> [What you have to do]: Your answer should hold exactly the lines below from the line with "Cartoon Robot Car" through the line with "plakaty Abstrakcyjne plakaty", both included, and no pictures at all.

> [Task data]:
============
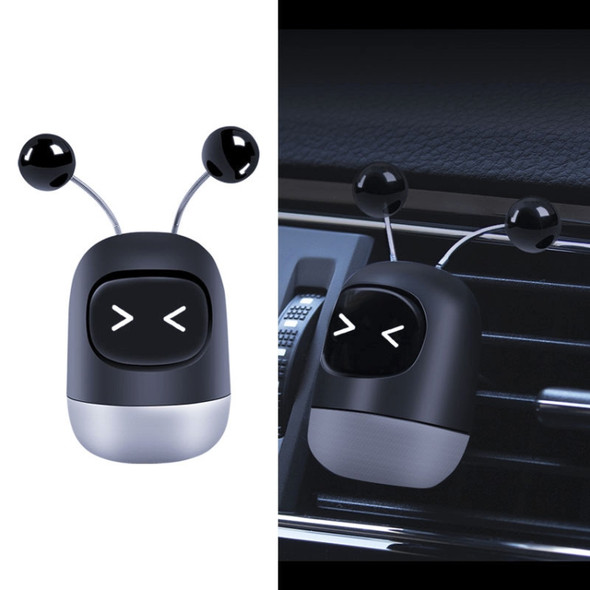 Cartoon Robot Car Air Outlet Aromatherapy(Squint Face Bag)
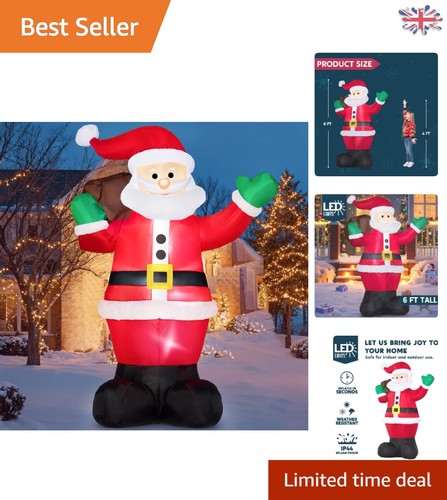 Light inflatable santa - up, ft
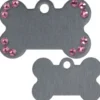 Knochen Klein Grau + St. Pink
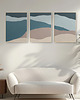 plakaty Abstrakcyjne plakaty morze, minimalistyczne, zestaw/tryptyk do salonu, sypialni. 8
============
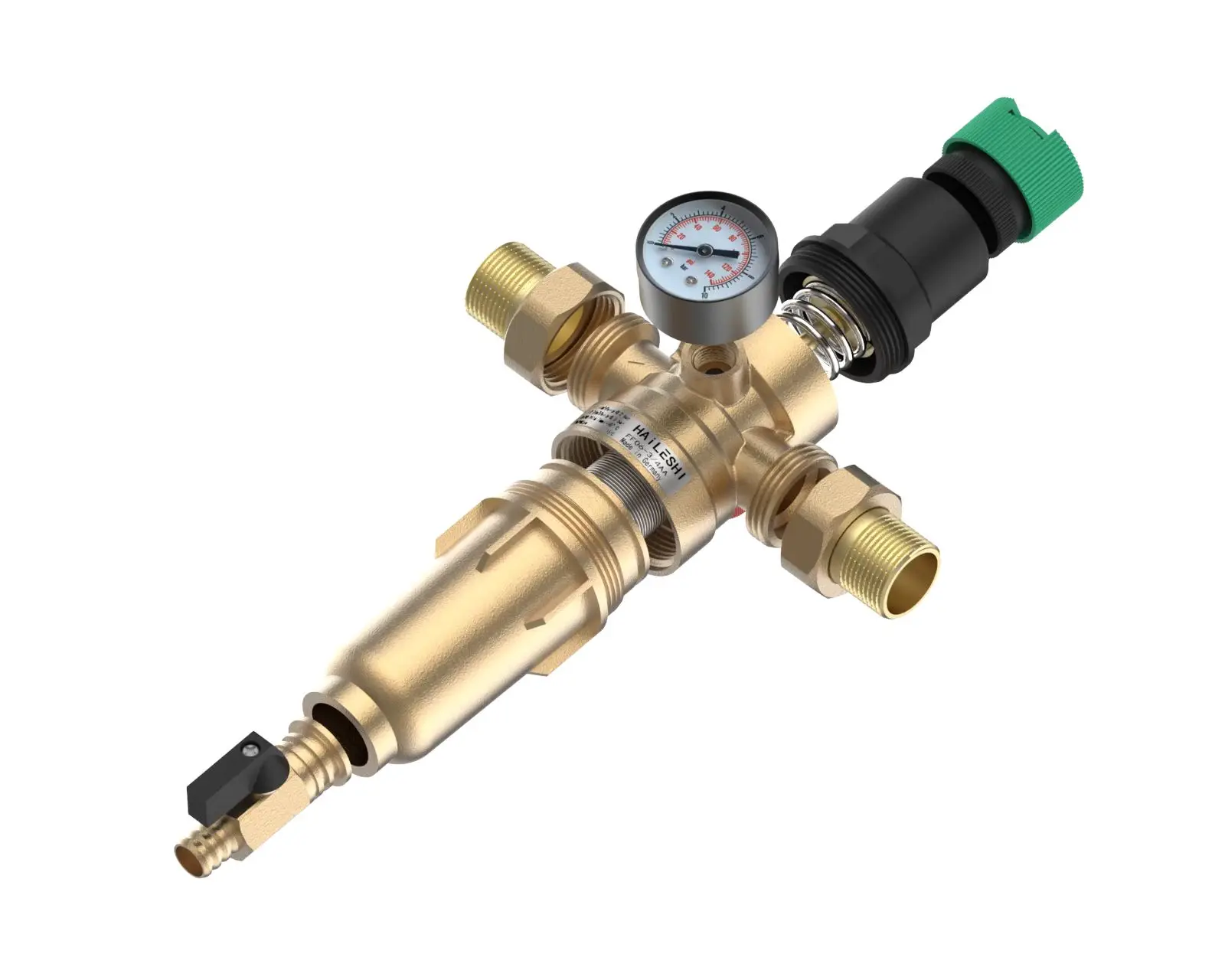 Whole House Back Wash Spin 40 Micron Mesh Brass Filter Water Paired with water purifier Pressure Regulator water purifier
============
> [Result of the exercise]:
 Cartoon Robot Car Air Outlet Aromatherapy(Squint Face Bag)
 Light inflatable santa - up, ft
 Knochen Klein Grau + St. Pink
 plakaty Abstrakcyjne plakaty morze, minimalistyczne, zestaw/tryptyk do salonu, sypialni. 8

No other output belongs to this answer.